Originally this piece was going to be about the excellent panel on socioeconomic class that Grinnell students, faculty, and staff participated in on Thursday night.
However, by the time the deadline rolled around I found myself with a more burning question on my mind:
What the @#&_ is happening with financial aid?
Perhaps more what I mean is this: what the %#%* is happening with student participation in the conversation about Grinnell’s financial aid?
A few weeks ago, the student body seemed to be repeating one phrase: “Grinnell is cutting need-blind admission!”
Everyone, myself included, freaked out. What about Grinnell’s commitment to social justice in all aspects of our college policies? What about the diversity of our campus community because of our commitment to meet full need? This is an outrage!
Also uh, what, exactly, is need-blind admission again?
It is also important to note that everyone (myself included) also started asking the question, “what are we going to do about it?” This led to a conversation with a lot of passion and mobilization behind it, but one without the tools necessary to understand the nuances of the problems Grinnell faces, which led to mistakes. My own mistakes included (this column is becoming rapidly more embarrassing).
At the Town Hall Meetings on Grinnell’s financial aid policies, President Kington and Joe Bagnoli spoke briefly about the myriad of options Grinnell is considering to try to increase long-term revenue. They also affirmed their desire to maintain need-blind admission.
At Volunteer weekend, Dr. Kington explicitly stated, “Grinnell College is NOT eliminating its need-blind admissions policy.”
Once students heard this, it seemed like it was time to check out of the conversation. President Kington didn’t want to cut need-blind aid, so, crisis averted. Mission accomplished, let’s go back to watching videos of cats falling down stairs on the internet.
Student reaction also seemed to taper off because of a lack of understanding: most of us have spent in total maybe forty-five minutes (with a break for the catering coffee in the back) thinking about and participating in a conversation that is driven by administrators who have been thinking about this day in and day out for years, with specialized training few of us have.
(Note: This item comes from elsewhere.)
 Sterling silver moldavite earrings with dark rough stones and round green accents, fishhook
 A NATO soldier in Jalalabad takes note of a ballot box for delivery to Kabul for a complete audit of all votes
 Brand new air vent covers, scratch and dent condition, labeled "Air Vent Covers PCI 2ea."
As long as none of them want to cut need-blind aid, then we should probably just wait for them to figure it out.
Wait a second!
I am completely ignorant of higher education policy, the economics that drive the role of the college, and basically any social, economic, or political theory not featured in the 2000s classic “Mean Girls.” However, now more than ever I am working on rectifying this, and I’m inviting you to join me. No please really, join me, because I know that my basic math skills and that one time I skimmed an econ text book is pretty paltry compared to the skills and passions of most Grinnellians. Even if you’re like me, read through what’s posted on the college’s website under Strategic Planning, read the Chronicle of Higher Education, and email professors, administrators, alumni and other students who might be willing to help translate this conversation.
We should have a voice in this conversation: the more we understand about our financial circumstances, the more we can contribute to the conversation in a way that actually represents our values and creates a viable financial future for Grinnell.
We shouldn’t let our ignorance keep us out of the conversation. By which I don’t mean, let’s go shout at passerby about socially just finances. We need to start doing our research! Knowledge is power (though admittedly I’m not sure if that’s a Latin aphorism or a Levar Burton quote), and the more we know about this conversation, the more we can contribute in a way that reflects what we want the school to look like.
Now is the time. This conversation is going to continue long after we have all graduated (I mean, that’s the point: Grinnell is making long term plans for its economic future) and like it or not, we’re all connected to Grinnell in some capacity and we have the power to shape its future.